Possibly, it was intended that the orbiting clock be orbiting a body with a strong enough gravity so that an orbit with an orbital velocity of .8c was possible, which would make it a black hole.

There would be effects in this sort of scenario due to both GR and SR.

It might be helpful to consider real-life examples of satellites in orbit around the Earth which have been measured. While the velocities for such orbits are certainly less than .8c, our clocks are sensitive enough nowadays to detect the relativistic effects of velocities much lower than .8c.

See for instance http://www.astronomy.ohio-state.edu/~pogge/Ast162/Unit5/gps.html

The actual clocks were at a high enough altitude so that the GR effect was most important. For a hypothetical orbiting clock at sea level, though, the GR effect would be absent and the SR effect due to time dilation would be the most important.

Of course the actual measurements I refer to were only done for orbiting clocks at very high altitudes, though the Hafle-Keating experiment is closely related (and consistent with SR).

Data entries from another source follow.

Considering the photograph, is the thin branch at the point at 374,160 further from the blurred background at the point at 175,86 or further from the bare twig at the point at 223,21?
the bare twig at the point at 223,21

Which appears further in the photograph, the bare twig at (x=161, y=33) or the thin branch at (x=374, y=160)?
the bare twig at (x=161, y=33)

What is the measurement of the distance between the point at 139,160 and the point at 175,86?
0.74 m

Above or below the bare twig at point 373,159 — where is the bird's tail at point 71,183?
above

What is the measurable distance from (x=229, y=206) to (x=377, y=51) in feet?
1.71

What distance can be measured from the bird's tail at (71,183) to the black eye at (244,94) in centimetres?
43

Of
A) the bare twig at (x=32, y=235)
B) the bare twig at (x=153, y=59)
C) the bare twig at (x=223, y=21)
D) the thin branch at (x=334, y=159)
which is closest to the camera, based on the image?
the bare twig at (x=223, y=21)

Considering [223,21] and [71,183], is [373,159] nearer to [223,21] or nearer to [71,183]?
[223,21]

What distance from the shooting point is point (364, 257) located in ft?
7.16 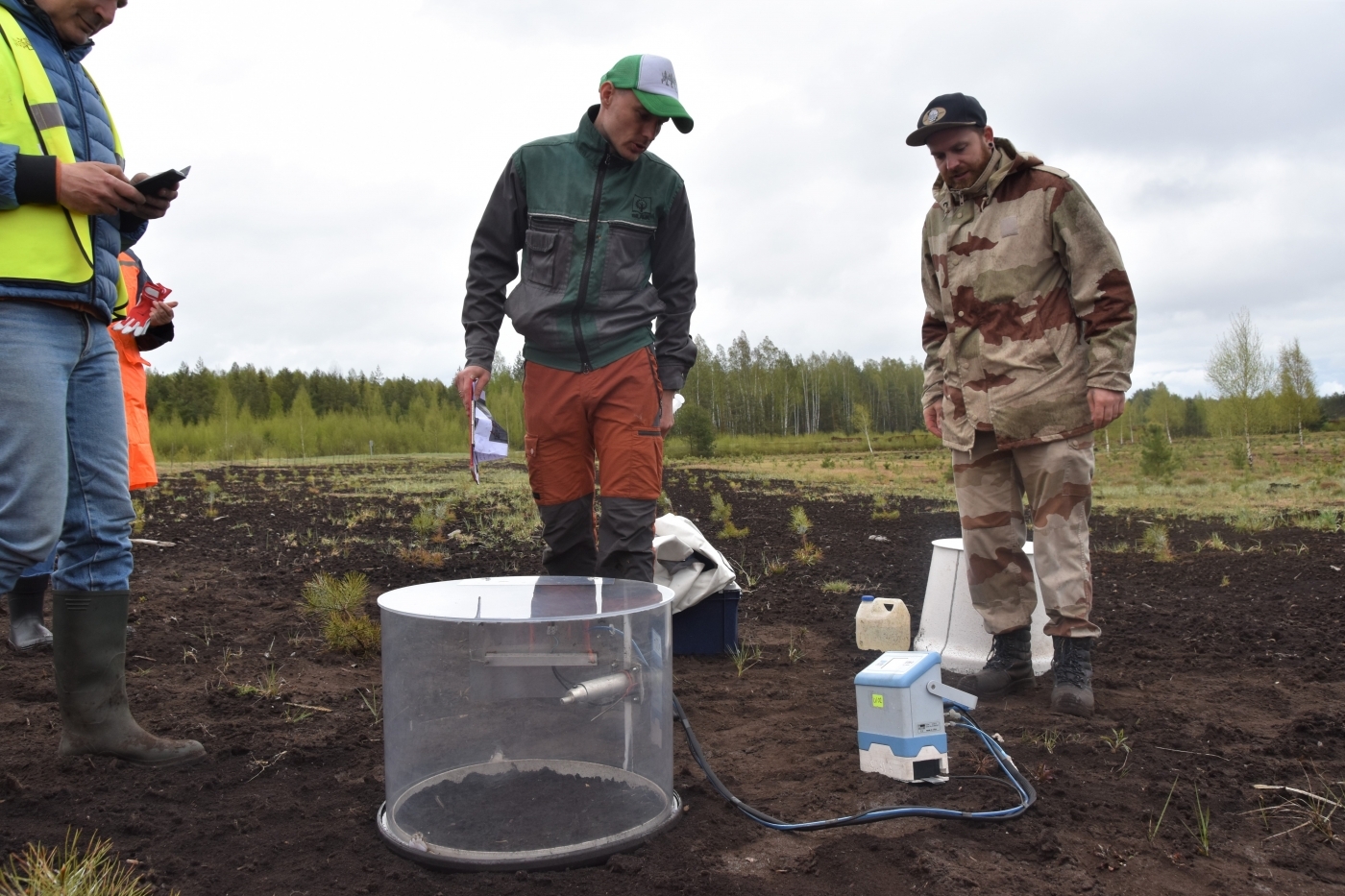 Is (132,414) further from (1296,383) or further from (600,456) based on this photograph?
(1296,383)

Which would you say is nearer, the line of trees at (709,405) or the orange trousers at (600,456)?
the orange trousers at (600,456)

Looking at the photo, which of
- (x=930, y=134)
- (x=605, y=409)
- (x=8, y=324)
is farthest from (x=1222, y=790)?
(x=8, y=324)

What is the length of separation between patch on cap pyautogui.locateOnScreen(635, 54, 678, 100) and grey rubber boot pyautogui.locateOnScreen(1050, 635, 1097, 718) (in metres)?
2.31

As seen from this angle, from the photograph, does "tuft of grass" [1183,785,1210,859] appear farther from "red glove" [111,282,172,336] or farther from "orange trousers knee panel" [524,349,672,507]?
"red glove" [111,282,172,336]

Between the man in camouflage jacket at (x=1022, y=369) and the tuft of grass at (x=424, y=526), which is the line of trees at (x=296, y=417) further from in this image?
the man in camouflage jacket at (x=1022, y=369)

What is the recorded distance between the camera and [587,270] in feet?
10.5

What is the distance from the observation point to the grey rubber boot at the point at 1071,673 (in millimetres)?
3131

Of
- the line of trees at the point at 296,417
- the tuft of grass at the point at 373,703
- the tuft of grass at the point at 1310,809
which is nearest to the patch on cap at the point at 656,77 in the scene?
the tuft of grass at the point at 373,703

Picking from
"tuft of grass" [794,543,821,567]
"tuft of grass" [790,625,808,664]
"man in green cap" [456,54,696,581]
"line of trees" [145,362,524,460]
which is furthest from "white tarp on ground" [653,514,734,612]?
"line of trees" [145,362,524,460]

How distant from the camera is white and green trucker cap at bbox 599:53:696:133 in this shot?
3.03m

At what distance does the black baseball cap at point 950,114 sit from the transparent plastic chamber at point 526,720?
2.05 metres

Note that From the GR perspective one would say that the orbiting clock is in free fall, but the Earth clock is accelerating. A newtonian perspective might (confusingly) take a different perspective, but the important thing to note is that the problem definitely does involve acceleration no matter how one tries to pose it, as Janus has noted.

Last edited: May 29, 2007